(DATA PROVIDED begins)

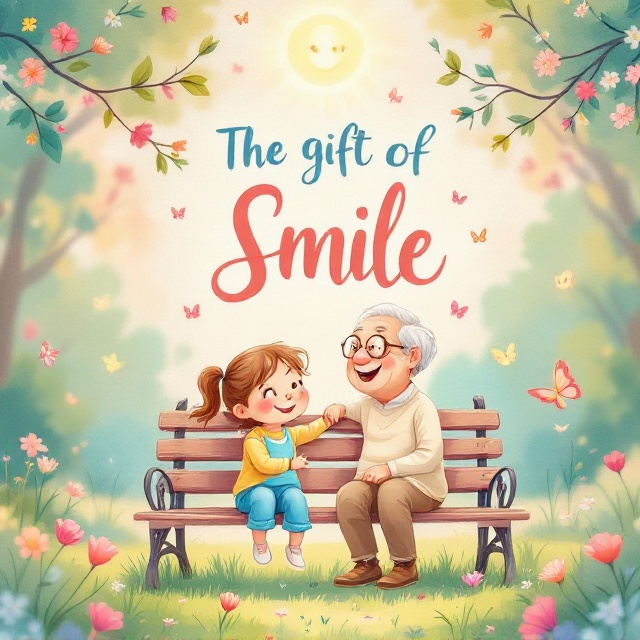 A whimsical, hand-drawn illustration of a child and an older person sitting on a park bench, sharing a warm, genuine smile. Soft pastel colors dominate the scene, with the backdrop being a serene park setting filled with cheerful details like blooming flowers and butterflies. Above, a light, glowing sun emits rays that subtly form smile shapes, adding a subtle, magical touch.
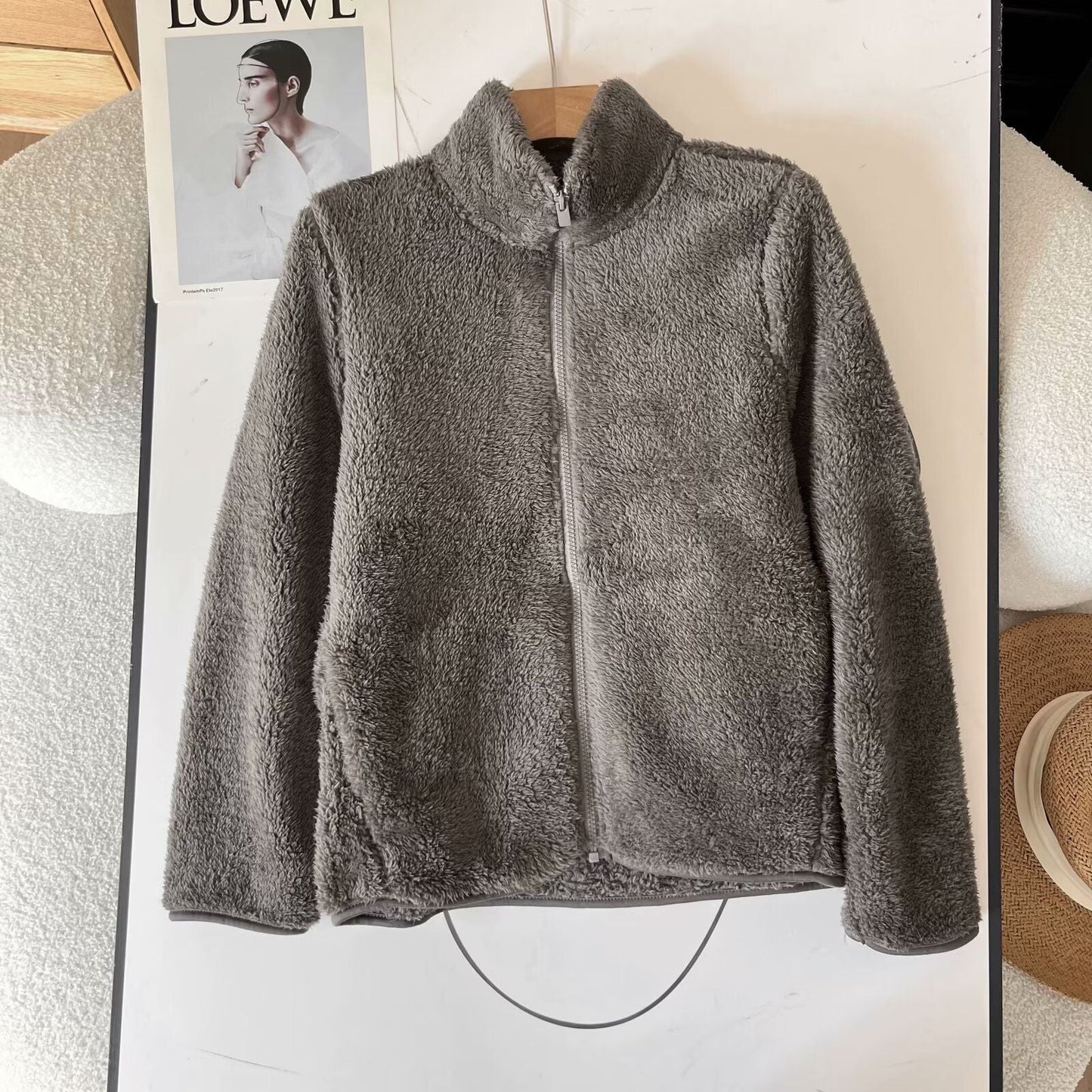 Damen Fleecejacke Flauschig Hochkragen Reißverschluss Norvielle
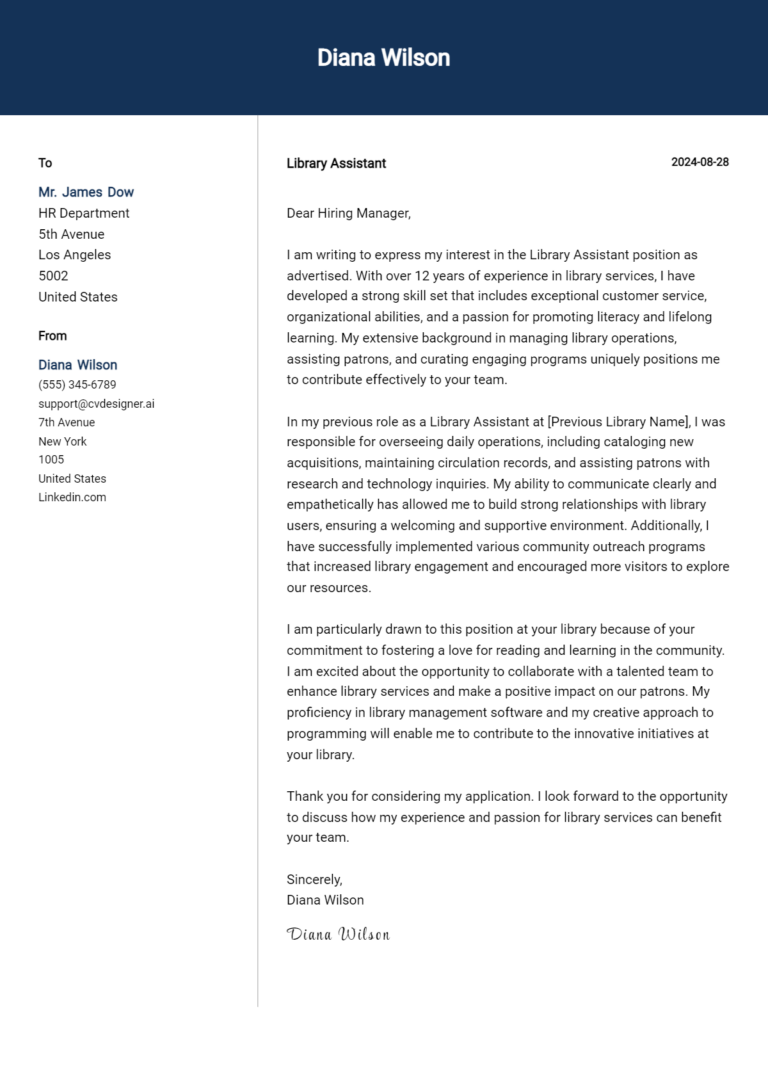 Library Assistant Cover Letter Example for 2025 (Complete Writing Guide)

(DATA PROVIDED ends)

**TASK ITEM**
Take the line with "Damen Fleecejacke Flauschig" and each line after it through the end of the material above, and reproduce them exactly, without the pictures.

**WRITTEN SOLUTION**
 Damen Fleecejacke Flauschig Hochkragen Reißverschluss Norvielle
 Library Assistant Cover Letter Example for 2025 (Complete Writing Guide)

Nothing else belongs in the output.